3.     Deposit . The sum of Five Hundred Thousand Dollars ( $500,000.00 ) (the " Initial Deposit ") shall be deposited with the Title Company, as hereinafter defined (the " Escrowee ") within 24 hours of the execution of this Agreement by Buyer and Seller and delivery of a fully-executed counterpart to each (the " Effective Date "). Within 24 hours of the expiration of the Inspection Period, as hereinafter defined, an additional Five Hundred Thousand Dollars ( $500,000.00 ) (the " Second Deposit "), in immediately available funds, shall be deposited with the Title Company. The First Deposit and the Second Deposit, together with any interest earned thereon are hereinafter referred to as the " Deposit ". All interest earned on the Deposit shall be added to and made a part of the Deposit for all purposes hereof. Except for a breach of this Agreement by the Seller, and subject to Buyer’s termination rights as set forth in this Agreement, the Deposit shall be non-refundable at the expiration of the Inspection Period.

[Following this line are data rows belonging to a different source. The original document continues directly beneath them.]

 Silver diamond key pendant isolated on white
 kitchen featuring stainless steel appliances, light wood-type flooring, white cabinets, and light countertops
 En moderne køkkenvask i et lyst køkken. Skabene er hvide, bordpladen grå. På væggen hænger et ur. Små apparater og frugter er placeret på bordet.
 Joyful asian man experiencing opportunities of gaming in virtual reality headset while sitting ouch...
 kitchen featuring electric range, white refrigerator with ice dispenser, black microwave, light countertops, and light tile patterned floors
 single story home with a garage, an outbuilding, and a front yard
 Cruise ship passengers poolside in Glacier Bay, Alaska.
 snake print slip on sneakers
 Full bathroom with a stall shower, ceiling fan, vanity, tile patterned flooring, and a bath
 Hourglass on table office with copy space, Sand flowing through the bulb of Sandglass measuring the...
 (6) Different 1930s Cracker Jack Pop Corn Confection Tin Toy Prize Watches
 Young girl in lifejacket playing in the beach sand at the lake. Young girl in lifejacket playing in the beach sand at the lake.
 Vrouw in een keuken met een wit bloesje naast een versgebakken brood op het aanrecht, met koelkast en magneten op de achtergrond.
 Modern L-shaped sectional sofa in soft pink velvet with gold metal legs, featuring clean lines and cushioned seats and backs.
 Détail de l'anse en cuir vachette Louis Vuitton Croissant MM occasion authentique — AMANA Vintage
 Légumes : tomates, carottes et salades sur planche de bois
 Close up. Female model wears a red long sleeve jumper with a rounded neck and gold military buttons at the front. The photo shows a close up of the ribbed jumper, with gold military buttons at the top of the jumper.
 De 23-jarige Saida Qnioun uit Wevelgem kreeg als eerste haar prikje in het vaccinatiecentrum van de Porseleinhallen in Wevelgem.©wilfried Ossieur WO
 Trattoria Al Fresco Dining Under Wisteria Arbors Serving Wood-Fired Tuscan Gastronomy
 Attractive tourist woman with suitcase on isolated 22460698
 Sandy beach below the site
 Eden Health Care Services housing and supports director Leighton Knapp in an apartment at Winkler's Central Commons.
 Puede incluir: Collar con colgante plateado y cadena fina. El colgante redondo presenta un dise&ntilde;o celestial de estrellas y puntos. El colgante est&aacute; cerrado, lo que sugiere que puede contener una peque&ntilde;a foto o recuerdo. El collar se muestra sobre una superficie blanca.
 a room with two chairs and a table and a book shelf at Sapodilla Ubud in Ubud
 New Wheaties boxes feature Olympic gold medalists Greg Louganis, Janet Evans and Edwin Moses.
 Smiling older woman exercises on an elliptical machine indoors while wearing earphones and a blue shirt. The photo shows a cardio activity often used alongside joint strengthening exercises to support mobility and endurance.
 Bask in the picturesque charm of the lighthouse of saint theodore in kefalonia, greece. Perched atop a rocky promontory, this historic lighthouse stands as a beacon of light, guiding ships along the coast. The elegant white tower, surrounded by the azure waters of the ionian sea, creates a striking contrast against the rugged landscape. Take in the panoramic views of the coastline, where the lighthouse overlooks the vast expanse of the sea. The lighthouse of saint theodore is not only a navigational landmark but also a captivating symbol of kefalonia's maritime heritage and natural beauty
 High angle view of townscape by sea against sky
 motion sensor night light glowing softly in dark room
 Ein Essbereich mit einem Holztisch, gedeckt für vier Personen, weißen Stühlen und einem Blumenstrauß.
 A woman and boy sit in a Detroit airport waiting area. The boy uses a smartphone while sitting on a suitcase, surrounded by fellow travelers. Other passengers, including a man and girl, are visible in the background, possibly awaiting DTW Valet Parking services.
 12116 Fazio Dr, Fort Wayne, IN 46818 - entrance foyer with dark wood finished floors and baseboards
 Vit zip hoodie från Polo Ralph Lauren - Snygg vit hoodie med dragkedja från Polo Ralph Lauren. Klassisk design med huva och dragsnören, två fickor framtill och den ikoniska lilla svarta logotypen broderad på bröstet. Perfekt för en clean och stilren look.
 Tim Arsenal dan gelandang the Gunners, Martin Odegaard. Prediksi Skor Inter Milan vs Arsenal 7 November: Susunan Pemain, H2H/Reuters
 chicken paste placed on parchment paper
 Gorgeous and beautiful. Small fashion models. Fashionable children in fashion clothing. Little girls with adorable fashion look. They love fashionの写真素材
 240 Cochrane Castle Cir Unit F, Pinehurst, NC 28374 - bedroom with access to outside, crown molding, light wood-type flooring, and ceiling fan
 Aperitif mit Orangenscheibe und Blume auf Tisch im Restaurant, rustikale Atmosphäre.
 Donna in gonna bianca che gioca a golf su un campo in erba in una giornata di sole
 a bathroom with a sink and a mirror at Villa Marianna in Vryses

3.1.1               Escrow Agent . Upon receipt from Buyer of the Deposit, Escrowee shall invest the Deposit in an interest-bearing account or money market fund acceptable to Buyer and Seller. All interest on the Deposit shall accrue to Buyer, except as otherwise provided in Section 15(a) hereof. At the Closing, Escrowee shall release the Deposit to Seller, which Deposit shall be credited against the balance of the Purchase Price owed by Buyer to Seller. Escrowee shall agree to hold and dispose of the Deposit in accordance with the terms and provisions of this Agreement.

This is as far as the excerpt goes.